■ What is required ■
For this exercise, an exact copy is needed of only the lines from the one containing "Base mesa de" through the end of the data, with pictures left out.

■ Dataset extract ■
---

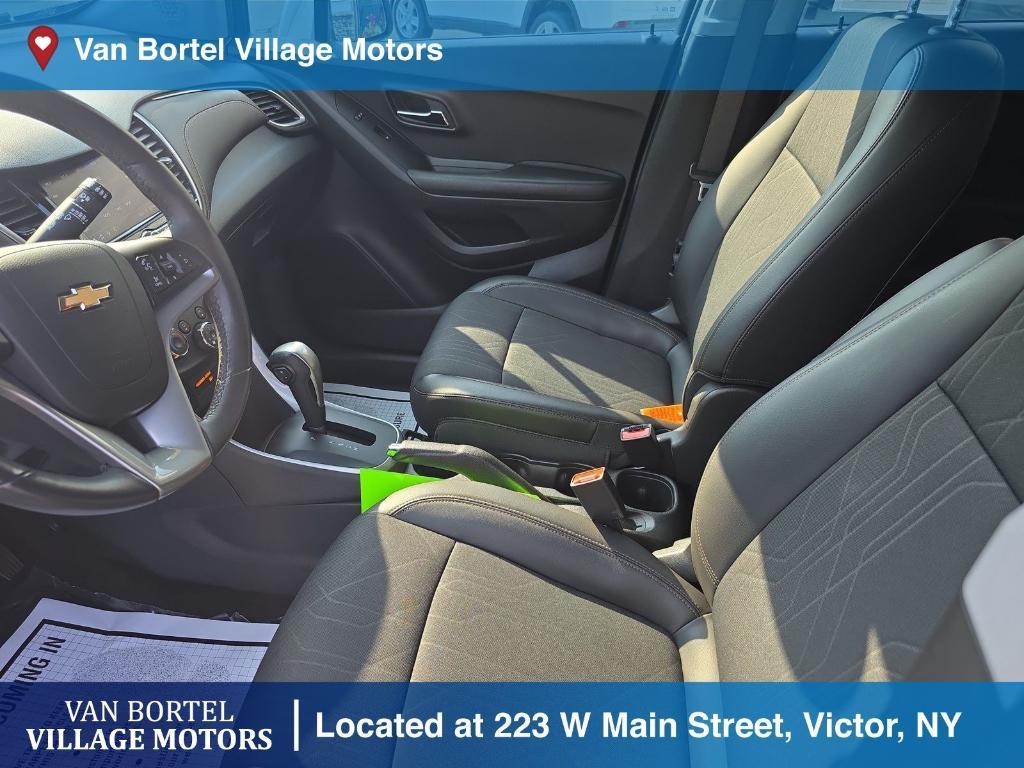 used 2022 Chevrolet Trax car, priced at $18,900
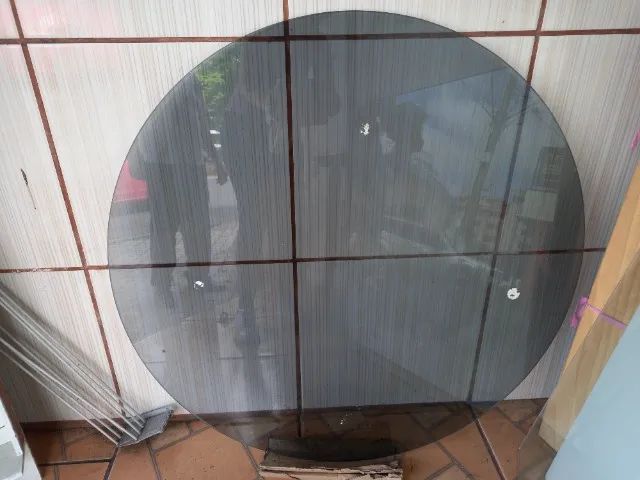 Base mesa de vidro temperado redondo cor fumê
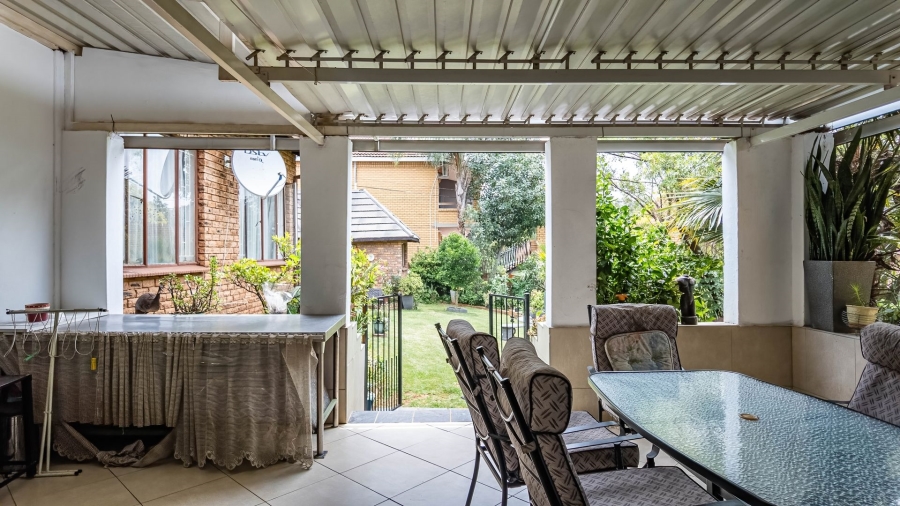 7 Bedroom Property for Sale in Zwartkop Gauteng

---

■ Problem solution ■
 Base mesa de vidro temperado redondo cor fumê
 7 Bedroom Property for Sale in Zwartkop Gauteng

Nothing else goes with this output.